I'm kinda confused what the IQueryable interface actually represents.

The MSDN documentation for IQueryable says: "Provides functionality to evaluate queries against a specific data source."

The documentation for IQueryProvider says: "Defines methods to c开发者_高级运维reate and execute queries that are described by an IQueryable object."

The name and the documentation summary suggest that it is an object/data store which can be queried. The second quote and the fact the ObjectQuery class from the Entity Framework implements IQueryable suggest it is a query which can be executed.

Did I misunderstood something or is it really kinda fuzzy?


An IQueryable represents the query itself. It will have a data source associated with it, but it isn't the data store itself. In particular, it won't usually have all the data in memory.

You can possibly think of it a bit like a SqlCommand object - it's got the query, it knows what to ask for the data, but it doesn't contain the data istelf.


An IQueryable represents a source against which queries can be executed. It could be a representation of a table on a SQL server or an in-memory collection of objects.

An IQueryProvider represents an object that can create and execute queries as represented by expression trees.

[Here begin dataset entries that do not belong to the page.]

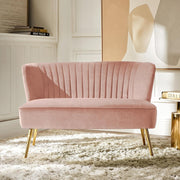 Pink Velvet 2 Seater Sofa Armless Loveseat Gold Legs for Lounge or Flat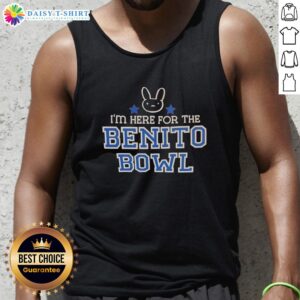 Original Bunny I'm Here for the Benito Bowl tank top featuring a playful design and vibrant colors.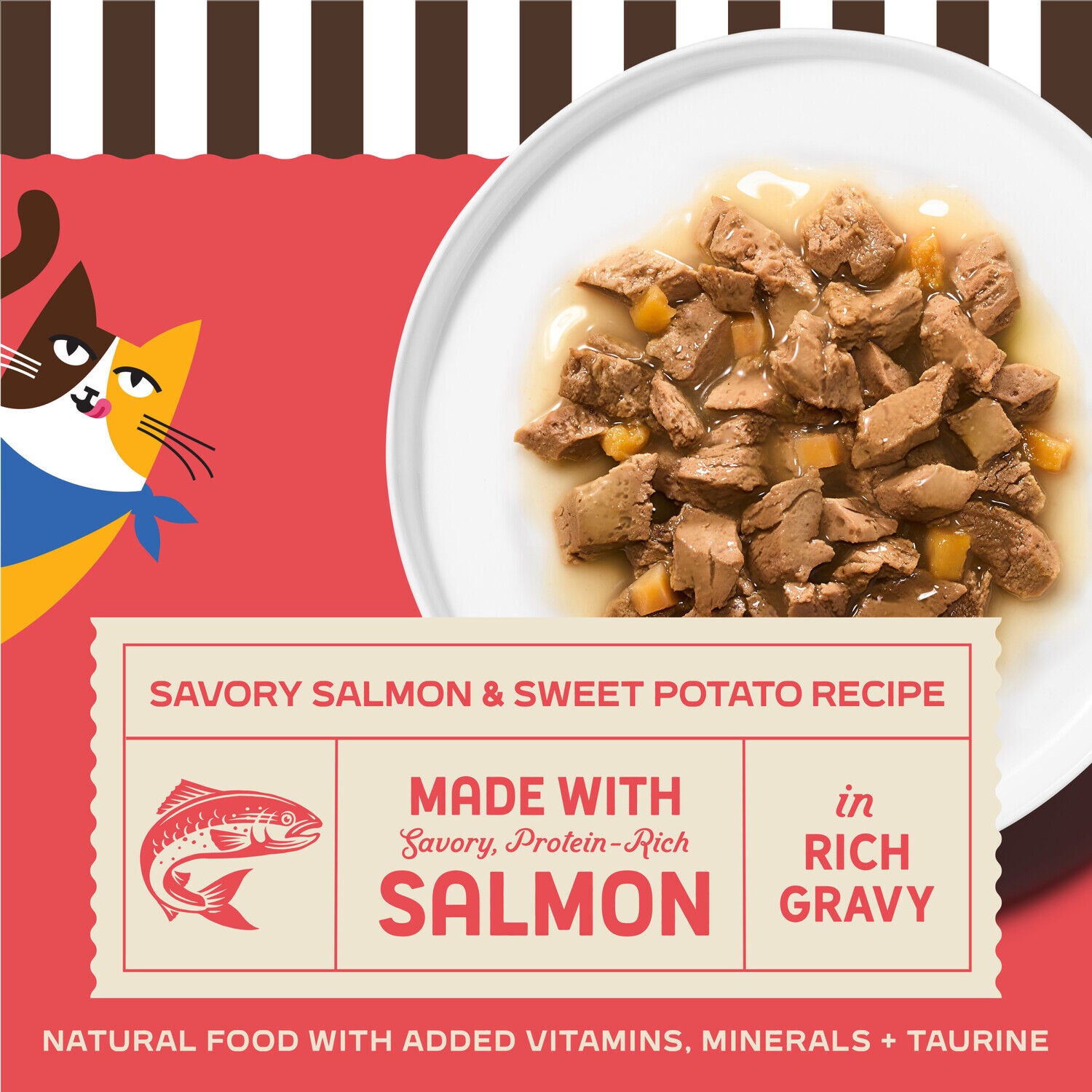 Merrick Purrfect Bistro Savory Salmon And Sweet Potato Recipe Wet Adult Cat Food In Gravy, 3 Oz. - 24 Pack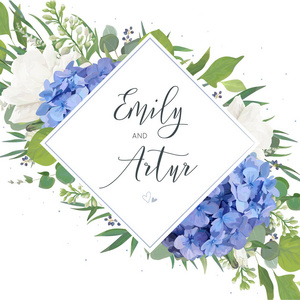 婚礼花卉邀请, 保存日期卡设计与优雅的蓝紫色绣球花, 白色花园玫瑰, 桉树绿色树枝, 绿叶和菱形, 几何框架。时尚布局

The LINQ-to-SQL query provider, for example, will take expression trees and return an IQueryable that allows you to enumerate over (to get the results) or further refine (by composing queries) before enumerating over.

There's a very nice walkthrough on MSDN on creating your own IQueryProvider. I think that if you do this walkthrough you'll have a much better understanding.


An IQueryable represents two (arguably very distinct) things. It represents a query, in the form of a reference to an expression tree describing some code, and a data source, in the form of a reference to a "provider" which knows how to execute the query.

I think the source your confusion comes from the fact that the docs can only talk about the methods IQueryable actually defines. Most of the power of IQueryable comes from the implementation of its associated extension methods defined in the Queryable class, but they are not strictly part of the IQueryable interface.

Interesting!

Update: Rereading your question, another useful insight is that a query is itself queryable. This is key to enabling compositionality in LINQ. So an IQueryable is a query, and it is queryable - so there's no contradiction in the type name.